INSTRUCTIONS FOR THE TASK: Your output must match the records below character for character.

WORKING DATA:
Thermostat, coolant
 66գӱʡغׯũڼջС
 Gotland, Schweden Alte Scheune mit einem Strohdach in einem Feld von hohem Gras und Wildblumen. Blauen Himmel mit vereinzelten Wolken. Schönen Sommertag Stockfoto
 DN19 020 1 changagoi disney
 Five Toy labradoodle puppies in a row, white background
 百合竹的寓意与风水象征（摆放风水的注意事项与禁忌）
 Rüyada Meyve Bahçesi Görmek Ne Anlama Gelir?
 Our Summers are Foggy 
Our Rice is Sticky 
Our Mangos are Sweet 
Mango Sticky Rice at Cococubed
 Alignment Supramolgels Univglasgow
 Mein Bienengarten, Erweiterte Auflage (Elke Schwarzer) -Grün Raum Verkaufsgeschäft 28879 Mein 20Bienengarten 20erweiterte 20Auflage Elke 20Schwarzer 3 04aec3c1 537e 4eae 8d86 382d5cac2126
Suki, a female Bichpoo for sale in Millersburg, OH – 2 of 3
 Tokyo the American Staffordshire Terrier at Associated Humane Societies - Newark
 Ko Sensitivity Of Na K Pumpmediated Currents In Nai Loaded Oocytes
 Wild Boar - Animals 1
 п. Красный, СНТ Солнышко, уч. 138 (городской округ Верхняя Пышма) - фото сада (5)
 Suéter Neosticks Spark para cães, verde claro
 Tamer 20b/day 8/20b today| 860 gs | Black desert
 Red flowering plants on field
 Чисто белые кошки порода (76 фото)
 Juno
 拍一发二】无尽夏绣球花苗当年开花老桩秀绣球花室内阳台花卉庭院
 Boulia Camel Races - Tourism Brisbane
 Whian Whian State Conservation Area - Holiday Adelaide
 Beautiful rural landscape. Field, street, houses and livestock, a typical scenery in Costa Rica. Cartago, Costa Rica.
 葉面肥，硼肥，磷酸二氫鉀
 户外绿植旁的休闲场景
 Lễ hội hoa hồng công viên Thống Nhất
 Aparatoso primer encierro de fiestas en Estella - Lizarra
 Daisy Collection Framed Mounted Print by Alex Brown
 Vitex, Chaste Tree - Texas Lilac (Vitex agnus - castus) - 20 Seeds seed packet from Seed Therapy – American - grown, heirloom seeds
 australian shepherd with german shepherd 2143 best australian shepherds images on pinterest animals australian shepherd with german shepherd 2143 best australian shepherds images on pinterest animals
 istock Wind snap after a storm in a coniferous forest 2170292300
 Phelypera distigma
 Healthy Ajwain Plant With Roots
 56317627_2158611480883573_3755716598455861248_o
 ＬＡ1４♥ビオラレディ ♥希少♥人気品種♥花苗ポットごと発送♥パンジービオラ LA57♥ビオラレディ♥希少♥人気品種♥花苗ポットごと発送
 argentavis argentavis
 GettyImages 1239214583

YOUR RESPONSE:
Thermostat, coolant
 66գӱʡغׯũڼջС
 Gotland, Schweden Alte Scheune mit einem Strohdach in einem Feld von hohem Gras und Wildblumen. Blauen Himmel mit vereinzelten Wolken. Schönen Sommertag Stockfoto
 DN19 020 1 changagoi disney
 Five Toy labradoodle puppies in a row, white background
 百合竹的寓意与风水象征（摆放风水的注意事项与禁忌）
 Rüyada Meyve Bahçesi Görmek Ne Anlama Gelir?
 Our Summers are Foggy 
Our Rice is Sticky 
Our Mangos are Sweet 
Mango Sticky Rice at Cococubed
 Alignment Supramolgels Univglasgow
 Mein Bienengarten, Erweiterte Auflage (Elke Schwarzer) -Grün Raum Verkaufsgeschäft 28879 Mein 20Bienengarten 20erweiterte 20Auflage Elke 20Schwarzer 3 04aec3c1 537e 4eae 8d86 382d5cac2126
Suki, a female Bichpoo for sale in Millersburg, OH – 2 of 3
 Tokyo the American Staffordshire Terrier at Associated Humane Societies - Newark
 Ko Sensitivity Of Na K Pumpmediated Currents In Nai Loaded Oocytes
 Wild Boar - Animals 1
 п. Красный, СНТ Солнышко, уч. 138 (городской округ Верхняя Пышма) - фото сада (5)
 Suéter Neosticks Spark para cães, verde claro
 Tamer 20b/day 8/20b today| 860 gs | Black desert
 Red flowering plants on field
 Чисто белые кошки порода (76 фото)
 Juno
 拍一发二】无尽夏绣球花苗当年开花老桩秀绣球花室内阳台花卉庭院
 Boulia Camel Races - Tourism Brisbane
 Whian Whian State Conservation Area - Holiday Adelaide
 Beautiful rural landscape. Field, street, houses and livestock, a typical scenery in Costa Rica. Cartago, Costa Rica.
 葉面肥，硼肥，磷酸二氫鉀
 户外绿植旁的休闲场景
 Lễ hội hoa hồng công viên Thống Nhất
 Aparatoso primer encierro de fiestas en Estella - Lizarra
 Daisy Collection Framed Mounted Print by Alex Brown
 Vitex, Chaste Tree - Texas Lilac (Vitex agnus - castus) - 20 Seeds seed packet from Seed Therapy – American - grown, heirloom seeds
 australian shepherd with german shepherd 2143 best australian shepherds images on pinterest animals australian shepherd with german shepherd 2143 best australian shepherds images on pinterest animals
 istock Wind snap after a storm in a coniferous forest 2170292300
 Phelypera distigma
 Healthy Ajwain Plant With Roots
 56317627_2158611480883573_3755716598455861248_o
 ＬＡ1４♥ビオラレディ ♥希少♥人気品種♥花苗ポットごと発送♥パンジービオラ LA57♥ビオラレディ♥希少♥人気品種♥花苗ポットごと発送
 argentavis argentavis
 GettyImages 1239214583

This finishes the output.